Their ability to adapt to new trends and now attempt to meet the public's demand of transparency and trust is what continues to keep them strong and resilient.
Thanks, once again, for taking the time to leave your thoughts, Javier!
McDonalds (and all other businesses in the industry) can serve up the junk food, but they're not forcing anybody to eat it. People need to take responsibility for what they put in their bodies, and the bodies of their kids. There's a bigger issue here around food distribution and (lack of) government subsidies for healthy food but I won't go into that.
As I posted on LinkedIn, this is a clever campaign and I cannot see how it can hurt their business. People like honesty, and most people have inbuilt B.S detectors.
Melissa Agnes says
Not so sure if I'd say most people have built-in BS detectors, but many do!! I agree with you, Anf, it is clever and unless their untruthful or decide not to answer some extremely hard questions, it will only be good for their brand and reputation.
As for people taking responsibility for what they put into their bodies… you're right, but not something to get in to on this blog!
Thanks for taking the time to post both comments!
I love the campaign!
With the past decade’s bad press on fast food this seems like a great PR step forward, before another “Supersize Me” hits the box office. After all, the advertising (photo retouching) process has been exposed by other big brands like Dove so it’s no longer a mystery nor a risk. In the current world where increasingly skeptical & informed consumers are over saturated with advertisements, honesty is a fantastic way forward. Cheers to the end of the spin era in PR! =)

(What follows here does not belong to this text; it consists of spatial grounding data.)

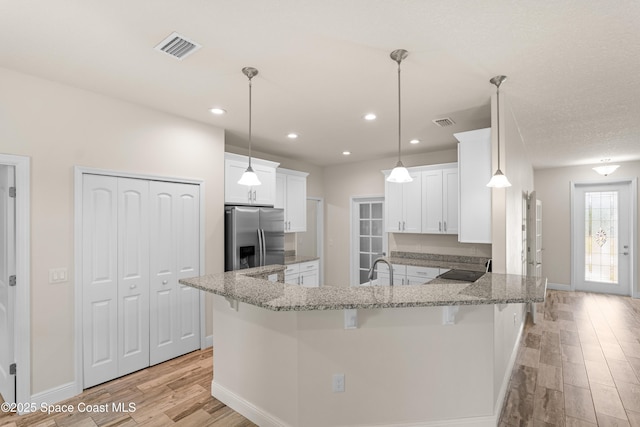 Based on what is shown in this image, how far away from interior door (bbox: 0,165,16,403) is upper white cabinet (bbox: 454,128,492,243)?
4.03 metres

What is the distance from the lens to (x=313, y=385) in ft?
6.92

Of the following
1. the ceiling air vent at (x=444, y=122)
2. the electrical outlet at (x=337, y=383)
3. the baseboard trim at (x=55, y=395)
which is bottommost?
the baseboard trim at (x=55, y=395)

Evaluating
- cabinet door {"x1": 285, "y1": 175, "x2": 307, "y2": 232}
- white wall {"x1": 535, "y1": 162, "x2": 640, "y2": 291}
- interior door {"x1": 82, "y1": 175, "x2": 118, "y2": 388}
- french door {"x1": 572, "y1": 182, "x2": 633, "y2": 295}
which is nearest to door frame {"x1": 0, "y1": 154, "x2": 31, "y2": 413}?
interior door {"x1": 82, "y1": 175, "x2": 118, "y2": 388}

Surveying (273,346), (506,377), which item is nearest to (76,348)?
(273,346)

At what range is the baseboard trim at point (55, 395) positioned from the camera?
2547mm

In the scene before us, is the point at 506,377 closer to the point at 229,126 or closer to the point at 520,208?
the point at 520,208

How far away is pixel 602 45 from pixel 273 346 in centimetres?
295

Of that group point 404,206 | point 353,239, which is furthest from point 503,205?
point 353,239

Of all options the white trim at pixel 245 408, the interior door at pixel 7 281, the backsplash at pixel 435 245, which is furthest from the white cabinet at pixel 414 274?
the interior door at pixel 7 281

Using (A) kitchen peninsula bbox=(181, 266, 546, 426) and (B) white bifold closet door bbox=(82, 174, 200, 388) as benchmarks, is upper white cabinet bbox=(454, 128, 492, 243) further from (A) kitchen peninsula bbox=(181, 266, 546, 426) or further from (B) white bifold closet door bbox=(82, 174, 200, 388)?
(B) white bifold closet door bbox=(82, 174, 200, 388)

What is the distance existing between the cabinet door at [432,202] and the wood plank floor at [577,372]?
73.5 inches

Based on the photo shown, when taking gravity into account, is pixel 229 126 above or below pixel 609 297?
above

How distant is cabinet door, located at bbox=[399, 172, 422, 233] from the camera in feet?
16.7

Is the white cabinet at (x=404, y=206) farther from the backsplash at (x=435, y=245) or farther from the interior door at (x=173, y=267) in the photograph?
the interior door at (x=173, y=267) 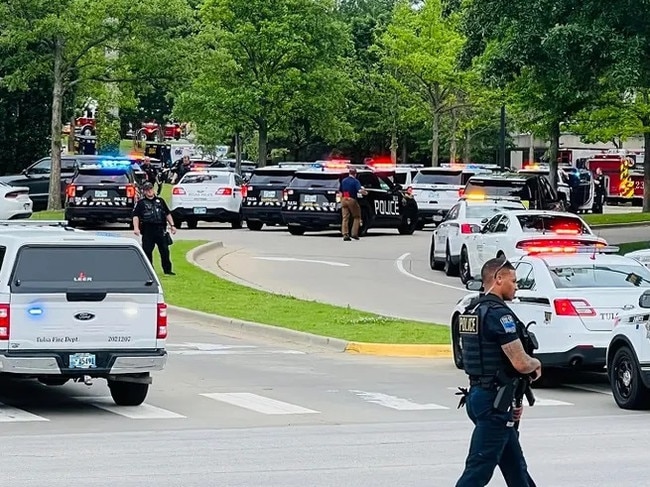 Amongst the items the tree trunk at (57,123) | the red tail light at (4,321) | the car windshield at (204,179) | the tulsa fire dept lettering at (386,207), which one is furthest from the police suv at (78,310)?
the tree trunk at (57,123)

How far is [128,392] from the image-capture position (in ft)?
48.8

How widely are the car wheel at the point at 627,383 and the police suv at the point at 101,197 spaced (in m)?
25.5

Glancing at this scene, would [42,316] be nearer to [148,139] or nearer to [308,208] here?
[308,208]

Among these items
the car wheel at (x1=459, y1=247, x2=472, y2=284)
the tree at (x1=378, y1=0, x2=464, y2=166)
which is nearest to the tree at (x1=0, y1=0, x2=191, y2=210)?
the car wheel at (x1=459, y1=247, x2=472, y2=284)

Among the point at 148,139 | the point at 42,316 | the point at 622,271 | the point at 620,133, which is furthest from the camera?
the point at 148,139

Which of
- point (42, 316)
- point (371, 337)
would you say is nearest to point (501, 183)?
point (371, 337)

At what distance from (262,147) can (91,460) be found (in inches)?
2109

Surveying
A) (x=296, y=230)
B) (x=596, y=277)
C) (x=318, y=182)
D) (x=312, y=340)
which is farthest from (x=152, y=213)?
(x=296, y=230)

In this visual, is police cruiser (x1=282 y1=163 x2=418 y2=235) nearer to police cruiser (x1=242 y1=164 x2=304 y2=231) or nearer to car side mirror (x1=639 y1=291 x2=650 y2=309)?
police cruiser (x1=242 y1=164 x2=304 y2=231)

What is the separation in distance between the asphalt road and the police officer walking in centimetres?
1830

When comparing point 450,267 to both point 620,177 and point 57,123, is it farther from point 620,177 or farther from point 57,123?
point 620,177

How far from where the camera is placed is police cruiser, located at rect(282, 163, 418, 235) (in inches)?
1540

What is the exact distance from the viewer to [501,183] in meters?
36.1

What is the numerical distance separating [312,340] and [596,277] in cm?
527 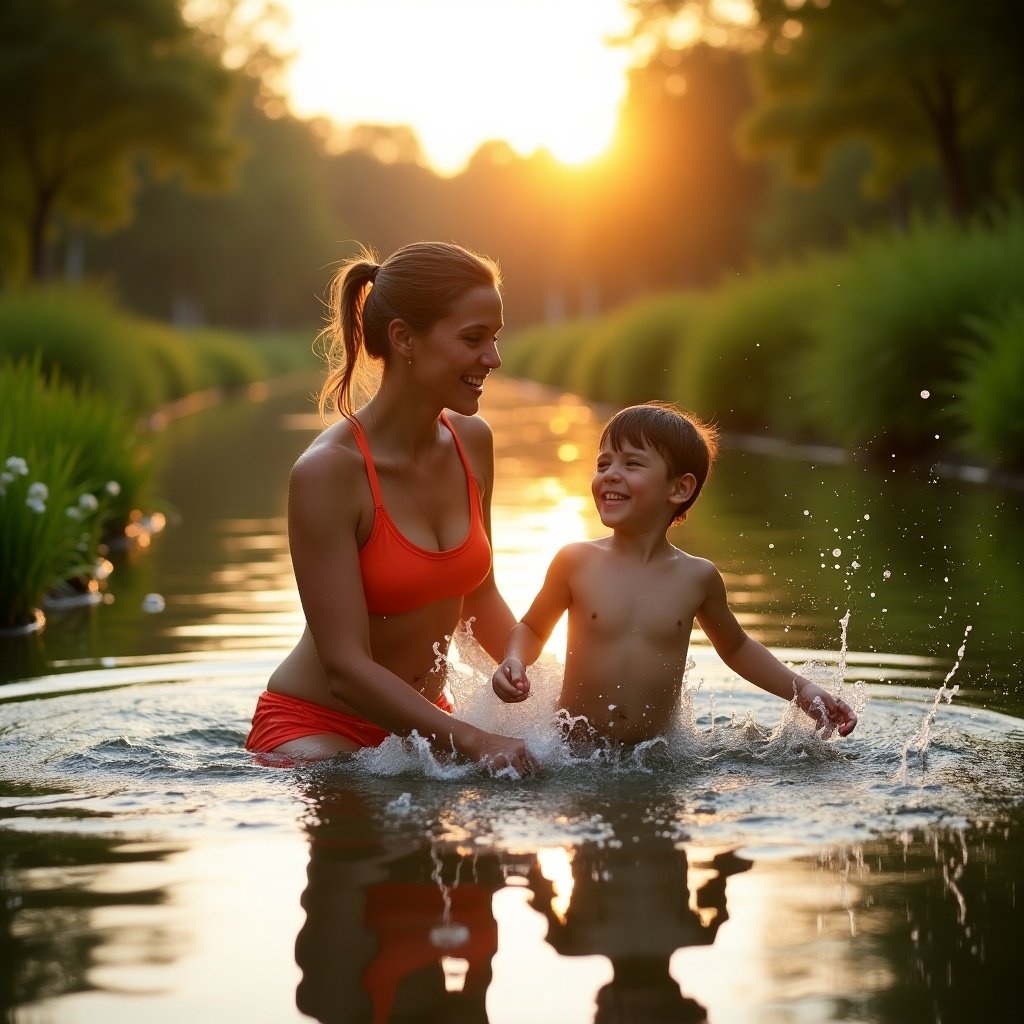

As for social media, it’s merely a tool, that contemporary businesses can’t afford to be disengaged from. The campaign’s strategy and concept did well in maximizing the interactive aspect of social media. As for a social media crisis, McDonalds have been receiving harsh critics for decades now, with or without effort from the organization, hence this campaign seems more like a crisis prevention from my humble point of view!